QUESTION: WHAT were we eating? Memories of the past were overtaking.
DATE, JULY 21, 2021
I had parked the truck on roadside just to watch the behemoth of a combine busy pounding the heads out of barley
or winter wheat. Amazing process as old as our civilized lives on the moving crust of this planet. Civilized. it
was these tiny grains that changed humans from hunters and wanderers to residents of large cities. First in ancient
Sumer and the city of Ur. Now the site of a bloody never ending war in the middle east. Because of these tiny grains
we learned to write and record our tribulations. Einkorn…a wild grass that has become one of the reasons we have
populated the earth.
Thinking like this I watched the great John Deere combine hammer its way down dip in the field of grain. Like it
was sinking. At that moment I noticed something in the foreground that was vaguely familiar. In the fencerow…reddish
berries on a spindly branch.
Back in the 1950’s we would gobble up great handfuls of chokecherries every time Angus turned the tractor and grain wagon
close to the fencerow. Red berries and dark red really ripe berries. My first taste was disconcerting. The berries made
my mouth pucker…sort of a dry taste that drew saliva. But sweet at the same time. Each berry had a hard pit at its
centre. My mouth soon filled with the pits as the berry juice trickled down my throat of my stomach. I spit out piles
of these pits. Maybe tried to break them open…but failed. Thankfully.

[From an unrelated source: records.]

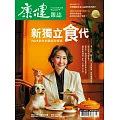 康健 3月號/2025 第311期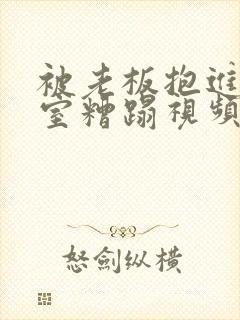 被老板抱进办公室糟蹋视频封面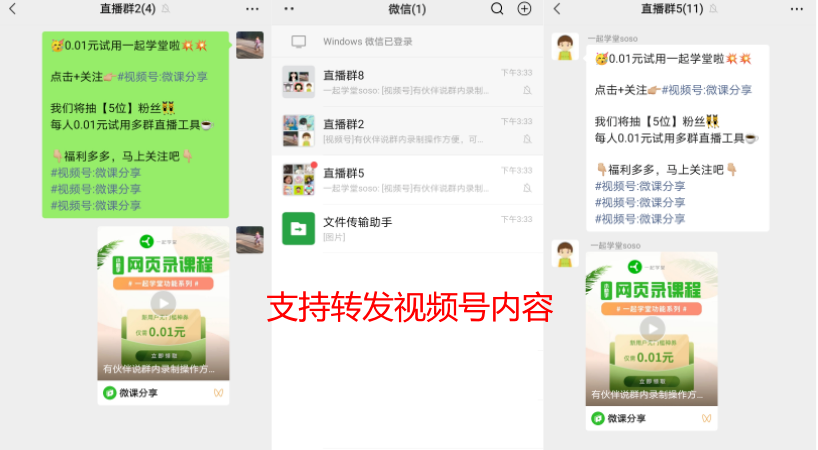 社群运营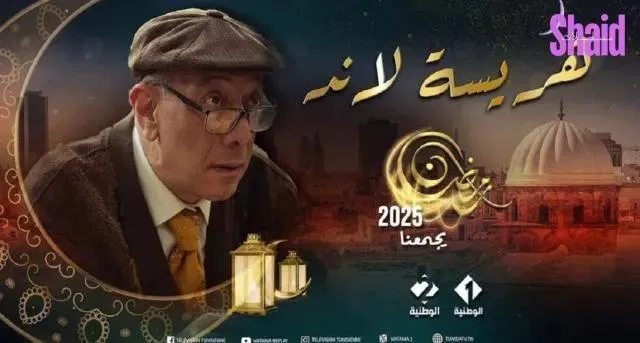 مسلسل هريسة لاند الحلقة 9 التاسعة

So today I thought I would write an article in praise of chokecherries. Glad I did. Sobering and frightening.
The damn chokecherries are poisonous. Not the flesh of the berries but everything else. Had we Been able
to crack open the pits we would have a mouthful of cyanide. Cyanide! Deadly poison. Some pits must have
slipped down my throat but even the strong acids of my stomach could not break open the pits so they were excreted.
Killed some children according to one source. Most of us were lucky in our ignorance.
Cattle, sheep and horses were not so lucky. Especially if the pasture fields were overgrazed. Then livestock might
turn to the fencerows and began consuming leaves, twigs…even bark..of the chokecherry trees. All are poisonous.
leaves, bark, twigs, pits. Cyanide. Enough to kill livestock? Apparently so. Farmers were urged to remove the chokecherry
trees and shrubs and it seems some farmers did do that for I no longer see great bunches of chokecherries
hanging life grapes. Inviting the picking. Especially when the berries turned a dark red that was nearly black.
We would gather six quart baskets of chokecherries and take them home for mom to make chokecherry jelly which
was great on morning toast. Loved the stuff. Marjorie and I made it in the early years of our marriage. We had
no idea that a cyanide-like poison lurked in those pits that were thrown out in their cheesecloth wrapping.
We were not alone. If you have time punch up chokecherries on the internet. Lots of people sang the praises
of those wild berries. Not so much anymore.
I bet you get distracted by the combine and do not see the little chokecherry bush in the foreground.
Question: I would like your opinion on the edibility of chokecherries (Prunus virginiana). Is it true their berries are poisonous?
I’m a bit confused, as several websites mention that chokecherries are an excellent food for birds and some even say they can be used to make jams and syrups. But what really bowled me over was a page on the Canadian Poisonous Plants Information System. It states “Children have been poisoned and have died after ingesting large quantities of berries, which contain the seeds. All types of livestock can be poisoned by ingesting the plant material.”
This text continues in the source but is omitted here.